Toutes ces vocations, comme le montre Julien Blanc, ont pour origine un immédiat « refus individuel de la situation » de la France défaite, soudainement occupée et/ou coupée en deux zones, et ont dû « basculer dans un monde nouveau qui doit être inventé de fond en comble » . Il s’agit bien là d’un véritable « saut dans l’inconnu » , puisque « aucune structure n’existe encore » . Il faut donc se reconnaître et se rassembler, « rompre la solitude » et l’abattement dû à la débâcle. À Paris, la désobéissance commence essentiellement par la rédaction de tracts, la fabrication de « papillons » ou l’ébauche de périodiques, et il faut ensuite se débrouiller pour trouver de l’encre et du papier, ronéoter ou imprimer, puis diffuser.

Chacune de ces étapes suppose de s’appuyer, dans le plus grand secret, sur d’autres personnes qui partagent la même volonté d’agir et la même révolte face à l’envahisseur, l’idéologie nazie, les débuts de la Collaboration, ou au départ un patriotisme fervent. L’historien étudie ainsi au plus près ces « dynamiques de rapprochement » , les « rodages » de cette organisation complexe et multiforme, et notamment le rôle des premières « têtes chercheuses » de chacun des groupes qui recrutent peu à peu de nouveaux membres.

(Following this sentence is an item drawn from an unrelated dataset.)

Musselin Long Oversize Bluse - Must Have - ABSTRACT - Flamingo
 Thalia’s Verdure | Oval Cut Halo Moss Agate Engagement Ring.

Travail exceptionnel à plus d’un titre, d’abord par la masse de documents dépouillés et minutieusement étudiés, ce livre de Julien Blanc est surtout remarquable par les sources très souvent inédites auxquelles il a eu accès. Il faut citer ici le nom de Germaine Tillion, la grande ethnologue des Aurès algériens et collaboratrice du musée de l’Homme, qui l’a accueilli, lui a accordé un grand nombre d’entretiens et lui a ouvert ses archives personnelles – qui ont, depuis sa disparition en 2008, été déposées à la Bibliothèque nationale. On apprend ainsi que, membre du « réseau du musée de l’Homme » par ses connaissances de nombreux chercheurs du musée, celle qui sera déportée à Ravensbrück à la suite de la répression que subit le réseau en 1941 – d’autres des membres du réseau seront fusillés en 1942 au mont Valérien – et étudiera le fonctionnement du camp a débuté sa Résistance au sein d’une association d’entraide aux soldats coloniaux, particulièrement persécutés par les nazis, qui travaille à les faire échapper à l’internement et à les rapatrier dans leurs pays d’origine, à l’époque colonies françaises.

Dans un style élégant qui aide à la dynamique du récit, Julien Blanc dresse ainsi un portrait passionnant, tout en finesse et en contrastes, des engagements, convictions et parcours parfois tragiques, de ces Résistants de la première heure qui, aussi minoritaires qu’ils aient été, ont su sauver l’honneur d’une France alors à genoux.